Second, and independently, if the countries share intelligence, then an increase
in one country’s enforcement raises the probability of detection in the other
country. This positive “trace-back” externality can be asymmetric.3If the
countries do not coordinate, then both types of externalities will distort the
allocation of global enforcement resources. I study cooperative resource
allocations minimizing joint harms, contrast these with non-cooperative
equilibrium outcomes with and without intelligence sharing, and evaluate
sanction harmonization initiatives. An extension of the model focuses on
horizontal crime transfer effects between downstream countries.

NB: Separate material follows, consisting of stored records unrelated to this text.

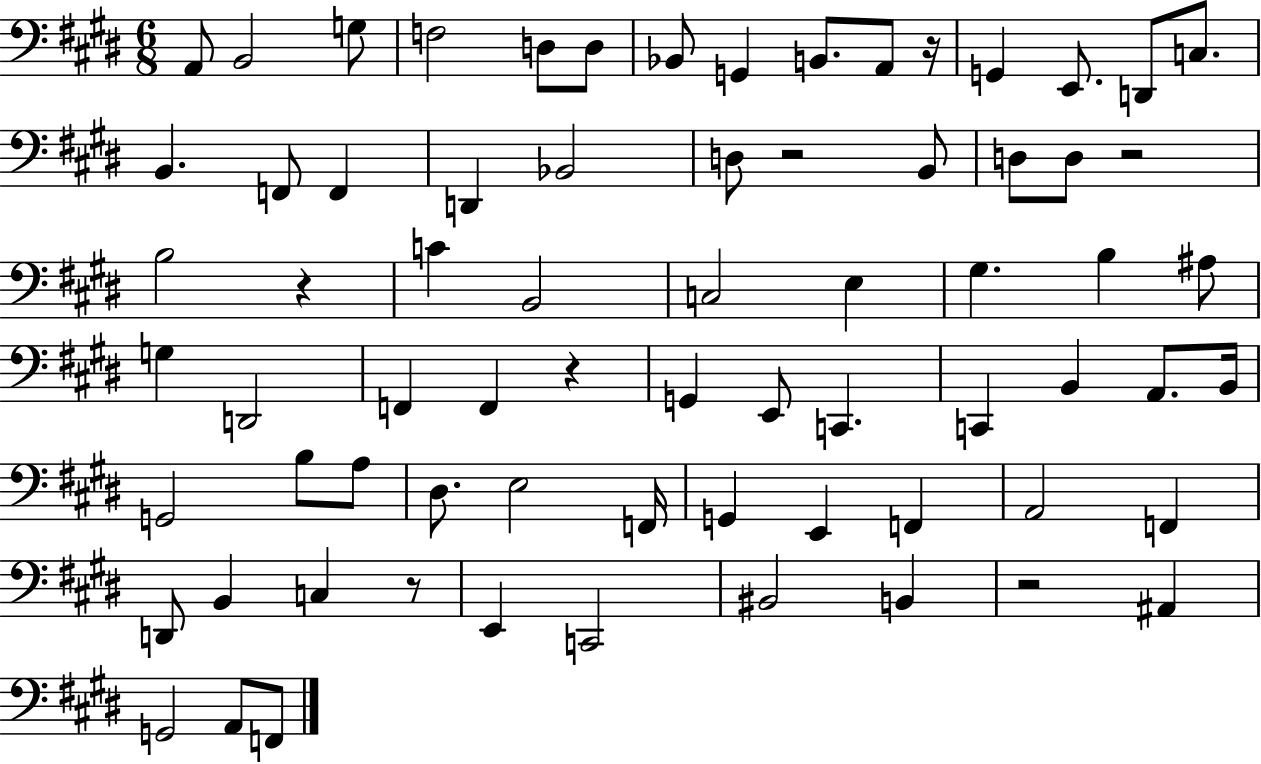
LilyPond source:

{
  \clef bass
  \numericTimeSignature
  \time 6/8
  \key e \major
  \repeat volta 2 { a,8 b,2 g8 | f2 d8 d8 | bes,8 g,4 b,8. a,8 r16 | g,4 e,8. d,8 c8. | \break b,4. f,8 f,4 | d,4 bes,2 | d8 r2 b,8 | d8 d8 r2 | \break b2 r4 | c'4 b,2 | c2 e4 | gis4. b4 ais8 | \break g4 d,2 | f,4 f,4 r4 | g,4 e,8 c,4. | c,4 b,4 a,8. b,16 | \break g,2 b8 a8 | dis8. e2 f,16 | g,4 e,4 f,4 | a,2 f,4 | \break d,8 b,4 c4 r8 | e,4 c,2 | bis,2 b,4 | r2 ais,4 | \break g,2 a,8 f,8 | } \bar "|."
}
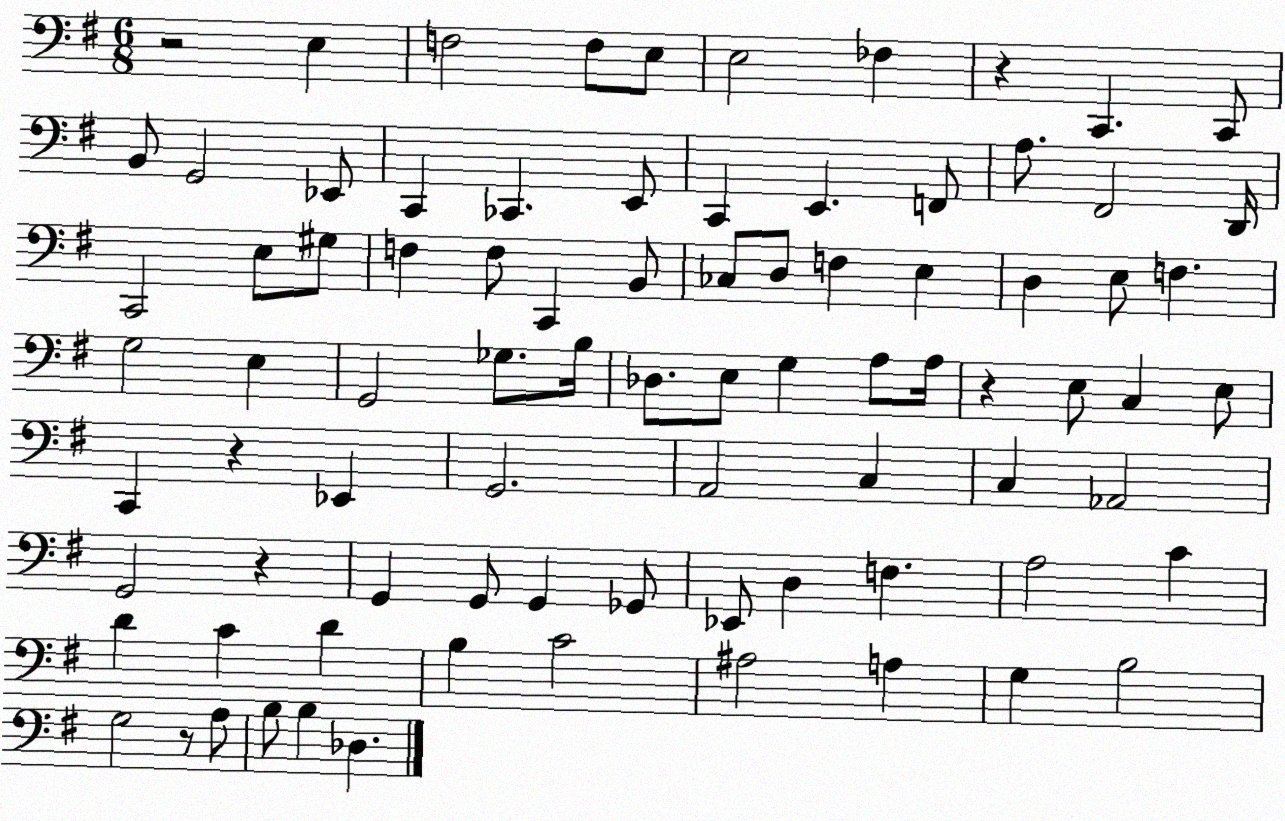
X:1
T:Untitled
M:6/8
L:1/4
K:G
z2 E, F,2 F,/2 E,/2 E,2 _F, z C,, C,,/2 B,,/2 G,,2 _E,,/2 C,, _C,, E,,/2 C,, E,, F,,/2 A,/2 ^F,,2 D,,/4 C,,2 E,/2 ^G,/2 F, F,/2 C,, B,,/2 _C,/2 D,/2 F, E, D, E,/2 F, G,2 E, G,,2 _G,/2 B,/4 _D,/2 E,/2 G, A,/2 A,/4 z E,/2 C, E,/2 C,, z _E,, G,,2 A,,2 C, C, _A,,2 G,,2 z G,, G,,/2 G,, _G,,/2 _E,,/2 D, F, A,2 C D C D B, C2 ^A,2 A, G, B,2 G,2 z/2 A,/2 B,/2 B, _D,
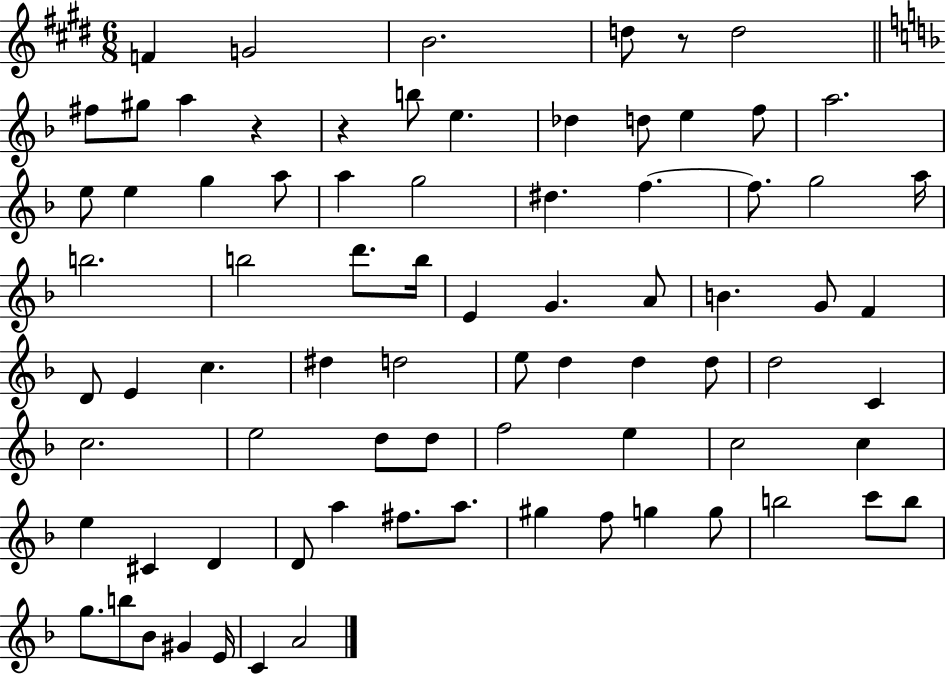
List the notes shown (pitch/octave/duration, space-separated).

F4/q G4/h B4/h. D5/e R/e D5/h F#5/e G#5/e A5/q R/q R/q B5/e E5/q. Db5/q D5/e E5/q F5/e A5/h. E5/e E5/q G5/q A5/e A5/q G5/h D#5/q. F5/q. F5/e. G5/h A5/s B5/h. B5/h D6/e. B5/s E4/q G4/q. A4/e B4/q. G4/e F4/q D4/e E4/q C5/q. D#5/q D5/h E5/e D5/q D5/q D5/e D5/h C4/q C5/h. E5/h D5/e D5/e F5/h E5/q C5/h C5/q E5/q C#4/q D4/q D4/e A5/q F#5/e. A5/e. G#5/q F5/e G5/q G5/e B5/h C6/e B5/e G5/e. B5/e Bb4/e G#4/q E4/s C4/q A4/h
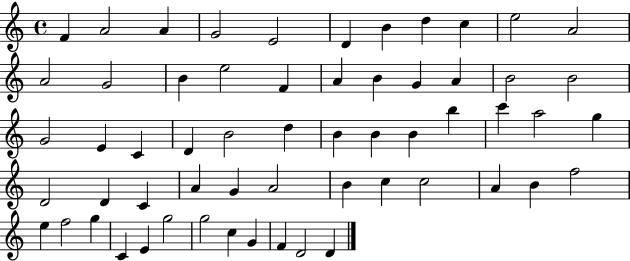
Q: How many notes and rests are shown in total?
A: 59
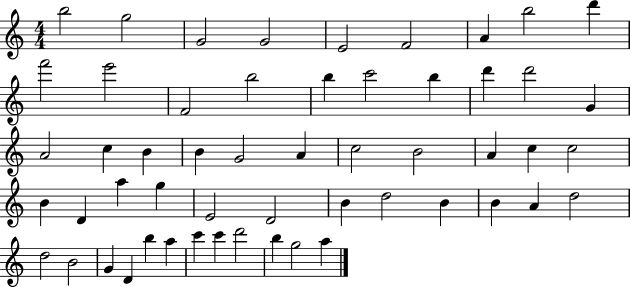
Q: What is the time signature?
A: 4/4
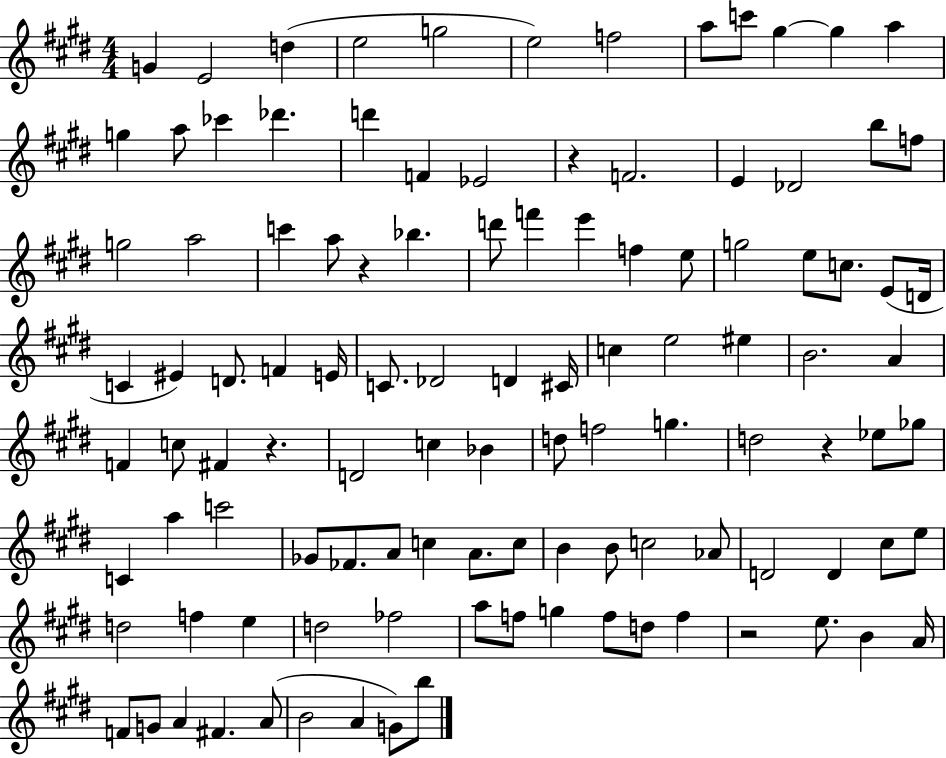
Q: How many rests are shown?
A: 5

The analysis shows that total harms are minimized by prioritizing one
side of the border, even if enforcement resources and technologies are
fully symmetric, regardless of the harm distribution. The matching-shortage
externality can operate in one direction only. If enforcement technologies
(direct detection capabilities) are identical, the country to prioritize is the
weaker side of intelligence, for this will maximize the measure of cross-border
criminals traced back from the side with superior intelligence. If intelligence
capabilities are symmetric, then of course the side with superior enforcement
should be prioritized.
The main problem with actual enforcement of transnational crimes is
not that some countries seem to do less and others more – because, as
this paper shows, enforcement outcomes are asymmetric at all levels of
cooperation – but that the allocations might be prioritizing the wrong side.
The bulk of drug traff‌icking enforcement takes place in target countries
with little or no intelligence support from source countries, and efforts to
counter human traff‌icking scrutinize borders instead of recruitment activities
3Intelligence production capabilities differ and depend on coordinated efforts by several
departments. Intelligence effortsare multidisciplinary, as in the testing laboratories that determine
the origins of heroine and cocaine seizures. The Fentanyl Signature Prof‌iling Program of the
Drug Enforcement Agency in the United States, for example, has established 96 linkages
involving 192 cases since its inception United States Department of State (2020).